Dale Hamilton, Counselor with Christian Appalachian Project
Christian Appalachian Project
Submitted Photo
Dale Hamilton, Counselor with Christian Appalachian Project

People in Eastern Kentucky lack access to mental health care. Dale Hamilton is a counselor with the Christian Appalachian Project, and he says eastern Kentucky has only one quarter the practitioners needed to serve the population. It has been nearly a year since last summer’s deadly and historic floods hit the region.

Hamilton said efforts were made to address the mental health of flood survivors immediately after the storms, but long-term problems are becoming apparent.
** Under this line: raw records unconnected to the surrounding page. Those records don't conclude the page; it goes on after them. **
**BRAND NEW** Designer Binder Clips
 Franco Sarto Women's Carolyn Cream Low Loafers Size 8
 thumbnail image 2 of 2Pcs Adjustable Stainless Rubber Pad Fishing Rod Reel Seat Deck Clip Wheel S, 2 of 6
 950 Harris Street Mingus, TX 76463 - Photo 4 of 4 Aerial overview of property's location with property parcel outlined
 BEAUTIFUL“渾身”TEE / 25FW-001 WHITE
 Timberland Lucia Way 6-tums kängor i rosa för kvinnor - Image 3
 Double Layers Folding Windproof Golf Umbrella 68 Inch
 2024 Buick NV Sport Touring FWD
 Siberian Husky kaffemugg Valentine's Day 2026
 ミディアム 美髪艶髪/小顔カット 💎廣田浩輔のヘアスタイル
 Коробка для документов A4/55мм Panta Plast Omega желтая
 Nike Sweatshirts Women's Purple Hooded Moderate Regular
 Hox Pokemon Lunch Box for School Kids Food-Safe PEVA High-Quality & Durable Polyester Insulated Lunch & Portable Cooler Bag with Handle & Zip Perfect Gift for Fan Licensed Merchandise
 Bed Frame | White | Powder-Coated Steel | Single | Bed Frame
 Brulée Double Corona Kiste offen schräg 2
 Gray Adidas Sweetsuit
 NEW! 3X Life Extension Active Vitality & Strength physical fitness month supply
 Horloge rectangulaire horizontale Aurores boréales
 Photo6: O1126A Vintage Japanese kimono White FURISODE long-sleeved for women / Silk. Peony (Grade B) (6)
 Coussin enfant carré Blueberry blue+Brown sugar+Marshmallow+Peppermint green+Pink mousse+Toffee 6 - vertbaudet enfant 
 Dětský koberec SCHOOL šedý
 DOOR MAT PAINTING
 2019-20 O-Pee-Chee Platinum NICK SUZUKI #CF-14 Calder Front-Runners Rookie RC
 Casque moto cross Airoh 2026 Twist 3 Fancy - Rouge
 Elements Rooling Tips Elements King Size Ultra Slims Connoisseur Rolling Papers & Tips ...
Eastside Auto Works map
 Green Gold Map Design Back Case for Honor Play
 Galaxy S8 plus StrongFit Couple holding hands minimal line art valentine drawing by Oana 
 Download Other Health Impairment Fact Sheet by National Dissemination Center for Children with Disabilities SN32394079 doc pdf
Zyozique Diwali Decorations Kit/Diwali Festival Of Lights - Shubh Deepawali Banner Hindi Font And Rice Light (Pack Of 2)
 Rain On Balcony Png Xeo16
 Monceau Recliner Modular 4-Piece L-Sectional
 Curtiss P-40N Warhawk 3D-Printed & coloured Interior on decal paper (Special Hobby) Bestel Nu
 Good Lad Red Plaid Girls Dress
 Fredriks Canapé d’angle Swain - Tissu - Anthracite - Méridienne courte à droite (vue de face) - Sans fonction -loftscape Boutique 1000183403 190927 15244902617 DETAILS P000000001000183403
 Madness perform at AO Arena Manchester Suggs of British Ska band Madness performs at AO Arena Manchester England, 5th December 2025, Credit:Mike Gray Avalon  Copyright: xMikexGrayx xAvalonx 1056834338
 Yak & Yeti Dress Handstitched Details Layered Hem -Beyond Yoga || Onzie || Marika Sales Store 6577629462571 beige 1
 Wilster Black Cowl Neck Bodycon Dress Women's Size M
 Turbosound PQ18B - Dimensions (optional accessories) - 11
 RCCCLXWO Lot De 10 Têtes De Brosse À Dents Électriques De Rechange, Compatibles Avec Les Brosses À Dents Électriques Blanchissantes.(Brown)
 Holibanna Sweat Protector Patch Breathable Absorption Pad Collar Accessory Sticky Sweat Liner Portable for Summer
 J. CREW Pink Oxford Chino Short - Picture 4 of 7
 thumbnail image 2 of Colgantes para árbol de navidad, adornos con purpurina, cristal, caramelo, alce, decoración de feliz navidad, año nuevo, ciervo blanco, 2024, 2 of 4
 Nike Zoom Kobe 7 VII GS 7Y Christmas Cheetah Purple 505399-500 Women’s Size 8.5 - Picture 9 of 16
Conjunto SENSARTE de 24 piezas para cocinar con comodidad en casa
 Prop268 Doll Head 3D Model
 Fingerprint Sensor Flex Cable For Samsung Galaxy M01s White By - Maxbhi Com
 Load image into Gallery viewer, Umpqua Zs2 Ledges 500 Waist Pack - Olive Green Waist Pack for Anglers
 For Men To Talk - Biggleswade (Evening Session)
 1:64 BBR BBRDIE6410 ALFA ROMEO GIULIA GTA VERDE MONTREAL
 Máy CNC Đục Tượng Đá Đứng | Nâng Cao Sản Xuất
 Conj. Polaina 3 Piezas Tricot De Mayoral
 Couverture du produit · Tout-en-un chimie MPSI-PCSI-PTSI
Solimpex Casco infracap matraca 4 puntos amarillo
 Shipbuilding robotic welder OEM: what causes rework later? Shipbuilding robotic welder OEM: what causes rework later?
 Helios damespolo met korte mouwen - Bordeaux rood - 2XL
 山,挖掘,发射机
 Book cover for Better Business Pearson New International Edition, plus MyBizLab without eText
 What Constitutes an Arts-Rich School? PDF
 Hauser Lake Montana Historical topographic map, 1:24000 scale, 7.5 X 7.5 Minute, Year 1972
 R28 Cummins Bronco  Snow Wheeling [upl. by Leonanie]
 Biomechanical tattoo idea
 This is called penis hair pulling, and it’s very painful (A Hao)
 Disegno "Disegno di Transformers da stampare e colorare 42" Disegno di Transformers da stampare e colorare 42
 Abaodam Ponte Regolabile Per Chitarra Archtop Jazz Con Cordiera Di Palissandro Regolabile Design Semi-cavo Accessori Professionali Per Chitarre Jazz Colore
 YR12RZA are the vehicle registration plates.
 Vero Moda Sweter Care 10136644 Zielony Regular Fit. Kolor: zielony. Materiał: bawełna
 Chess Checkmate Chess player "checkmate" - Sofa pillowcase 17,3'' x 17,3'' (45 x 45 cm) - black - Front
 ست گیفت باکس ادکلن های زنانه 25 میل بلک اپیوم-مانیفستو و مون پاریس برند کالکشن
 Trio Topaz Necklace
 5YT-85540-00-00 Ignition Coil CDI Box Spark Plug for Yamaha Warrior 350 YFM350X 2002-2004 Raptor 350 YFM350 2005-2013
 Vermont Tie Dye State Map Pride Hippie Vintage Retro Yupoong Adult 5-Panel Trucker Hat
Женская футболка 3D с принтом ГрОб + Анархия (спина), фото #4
“Maybe acute stress disorder, to maybe, for some folks, I’m sure there’s probably, there’s many people out there who meet the diagnostic criteria for post-traumatic stress disorder. Having seen loved ones die in flooding, losing their homes, this trauma, we’re now seeing that long term chronic conditions of those mental health issues related to the flooding.”

He said it is important to break the stigma often attached to seeking help.

“Because that is really the key in breaking the cycles of trauma and generational trauma and family trauma, is to seek help, to shine a light in places where healing can occur.”

Hamilton said while there are still services available to help survivors, many are not using them. He is concerned that these problems could lead to generational trauma in the region.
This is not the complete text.